### Goal of the exercise
Retype the listing below line for line, but only from the line with "ArcScene 中的 3D Analyst 工具条" down to the line with "3 Evening planets and the Moon", inclusive. Pictures stay out.
─── Supplied information ───
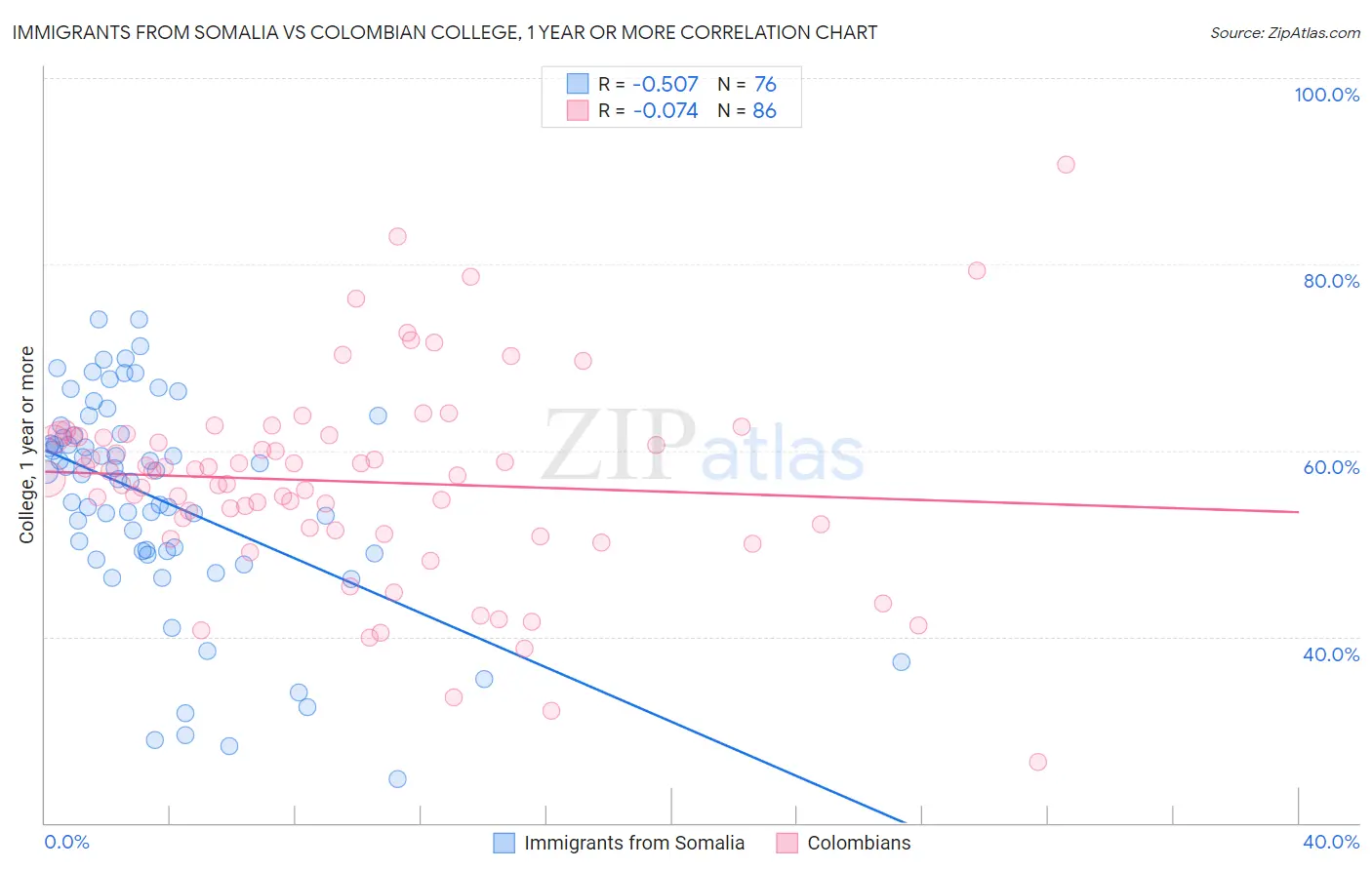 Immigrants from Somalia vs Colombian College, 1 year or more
───
─── Supplied information ───
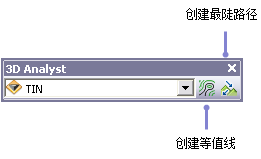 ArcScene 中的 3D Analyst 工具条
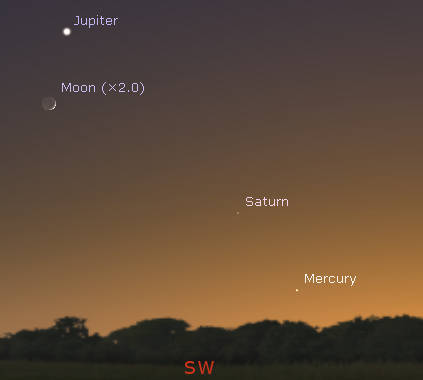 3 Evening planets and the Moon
───
### Task result
 ArcScene 中的 3D Analyst 工具条
 3 Evening planets and the Moon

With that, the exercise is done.